## TASK DETAILS
Beginning with the line that contains "Carport har elbil lader Galleribilde", print each line to the end of the data exactly. Omit the pictures.

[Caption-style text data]
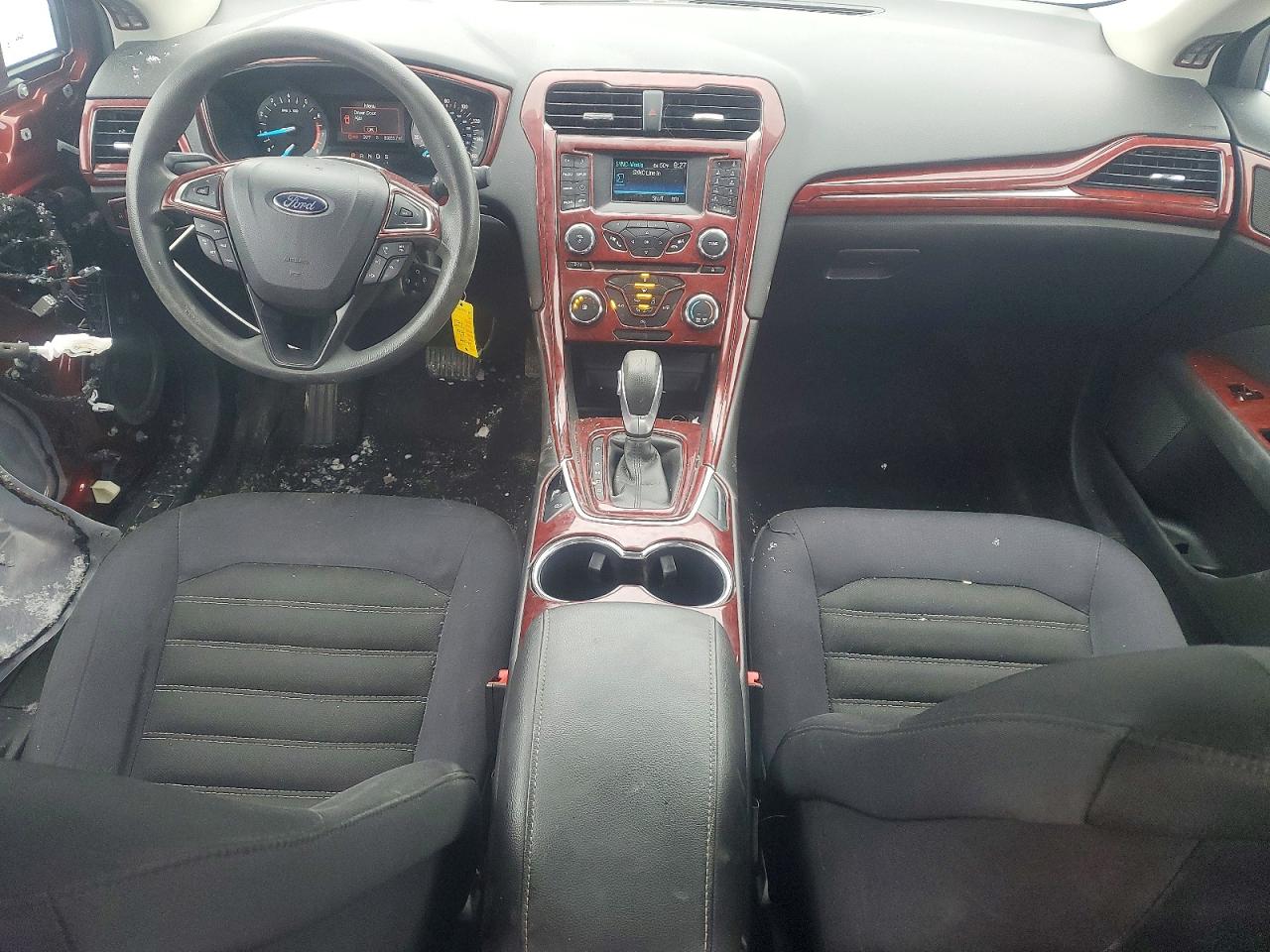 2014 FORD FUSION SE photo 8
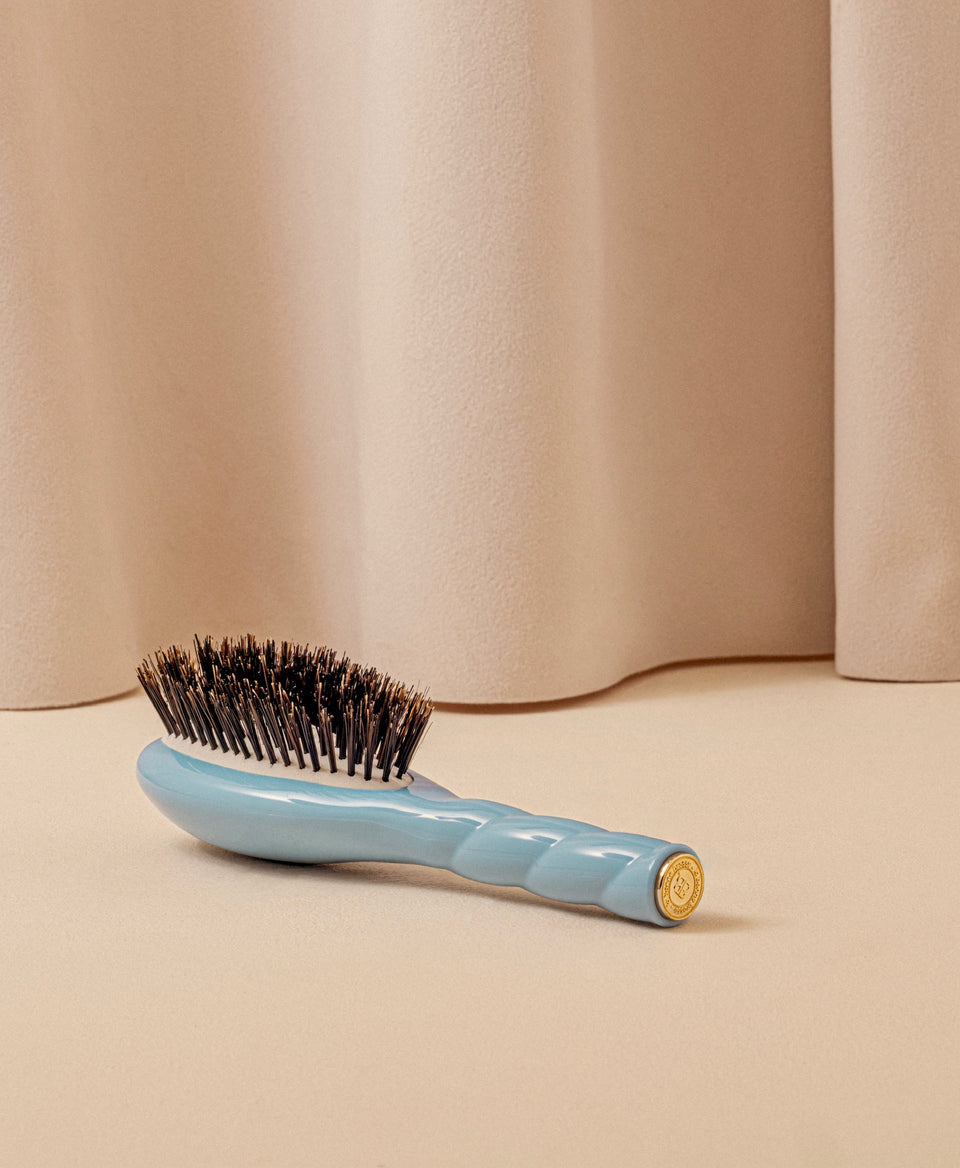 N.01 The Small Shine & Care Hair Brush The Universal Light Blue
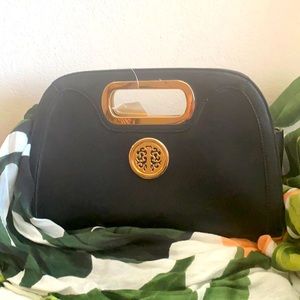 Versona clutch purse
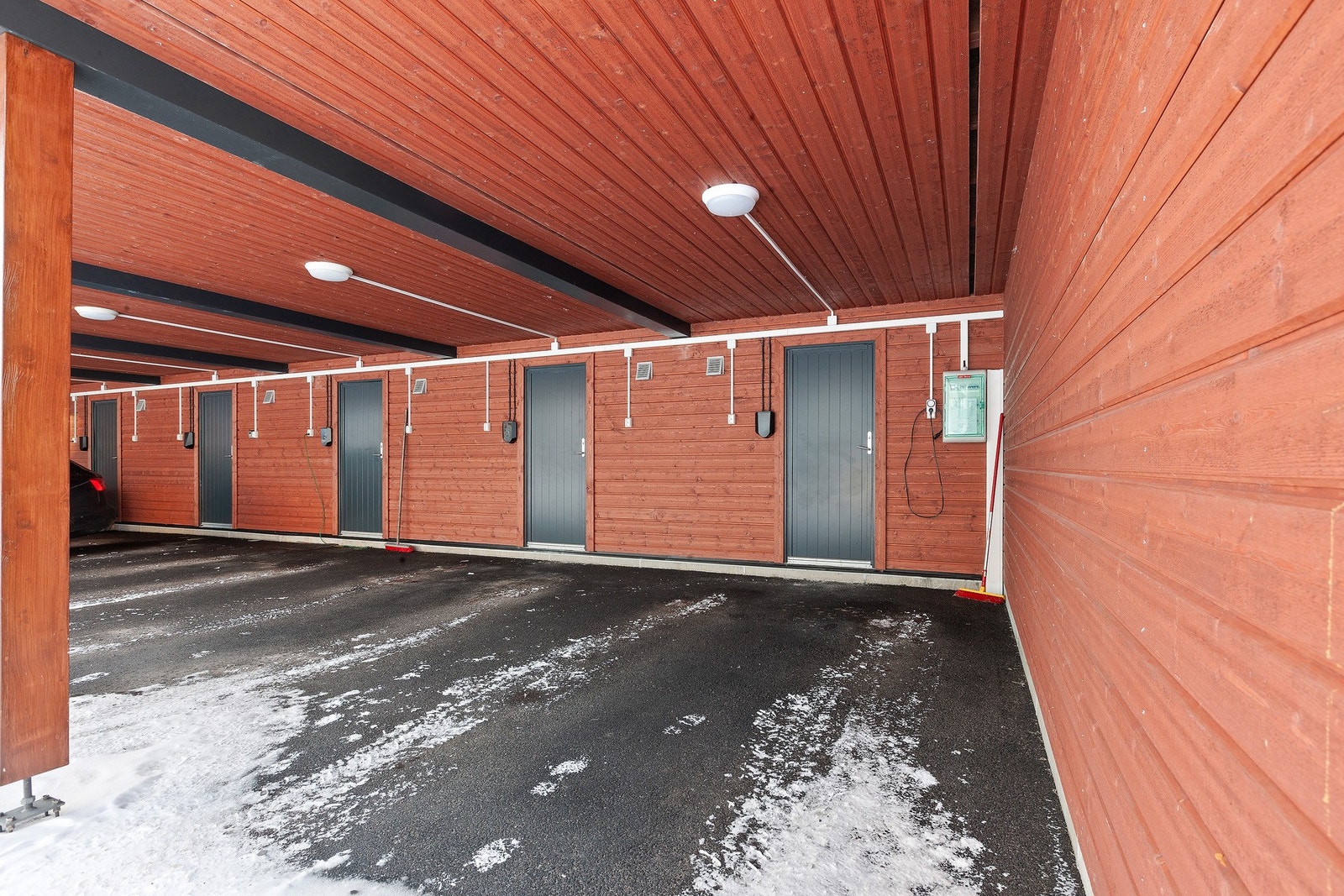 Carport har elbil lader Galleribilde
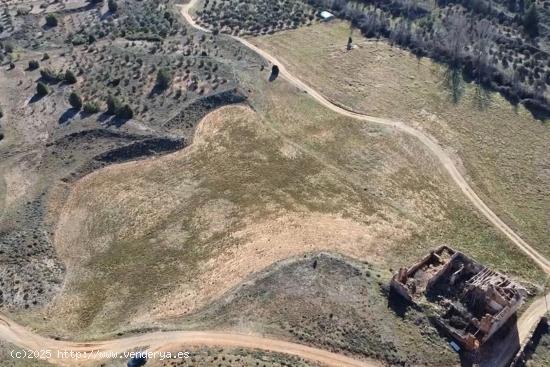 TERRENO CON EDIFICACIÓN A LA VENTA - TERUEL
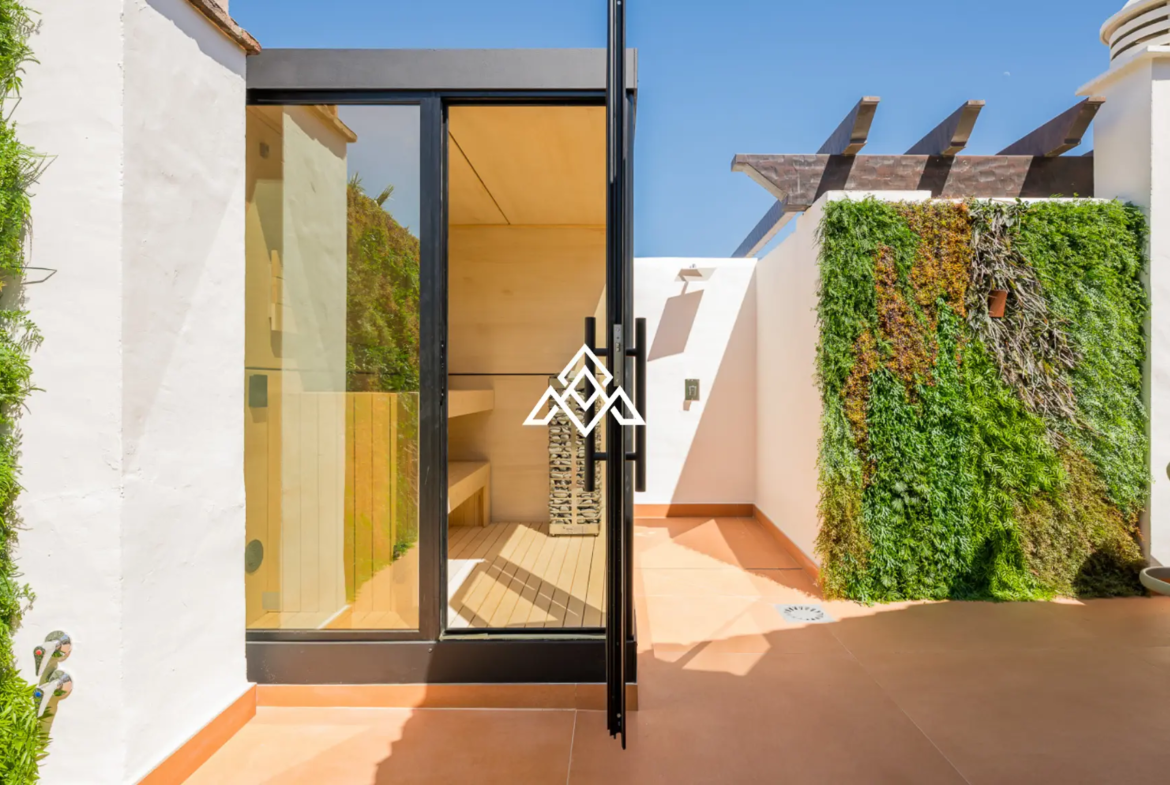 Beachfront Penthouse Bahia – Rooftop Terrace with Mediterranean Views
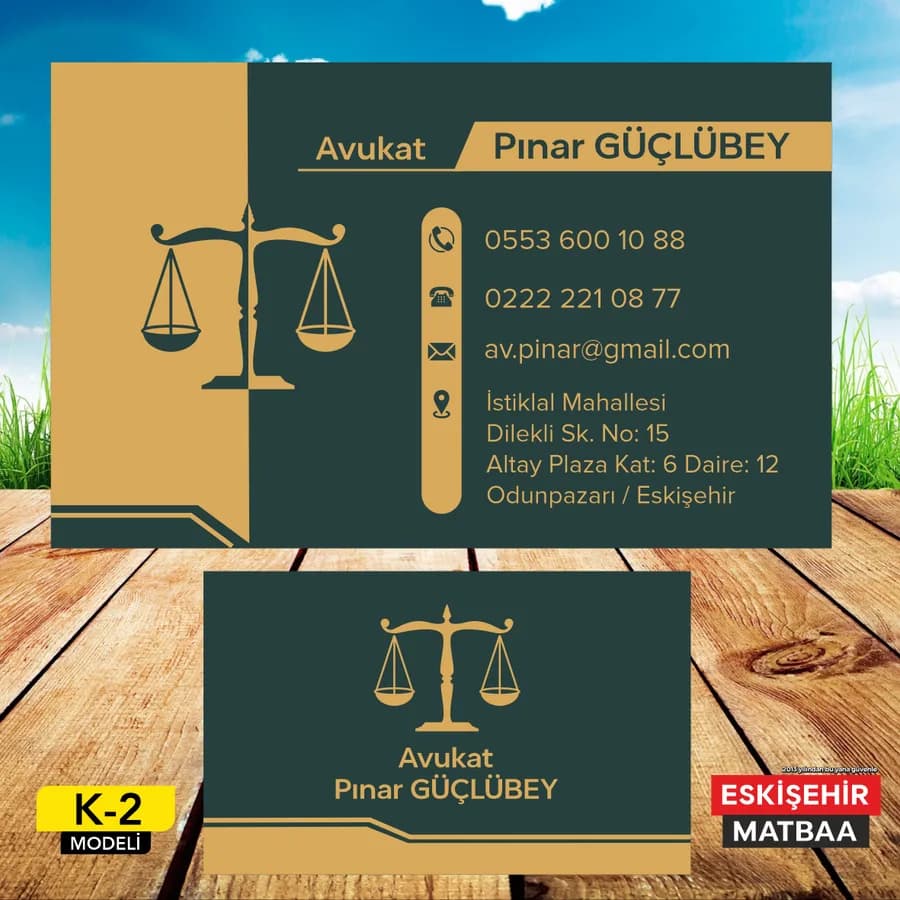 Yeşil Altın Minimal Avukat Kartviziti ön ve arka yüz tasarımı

## RESULT FOR THIS EXERCISE
 Carport har elbil lader Galleribilde
 TERRENO CON EDIFICACIÓN A LA VENTA - TERUEL
 Beachfront Penthouse Bahia – Rooftop Terrace with Mediterranean Views
 Yeşil Altın Minimal Avukat Kartviziti ön ve arka yüz tasarımı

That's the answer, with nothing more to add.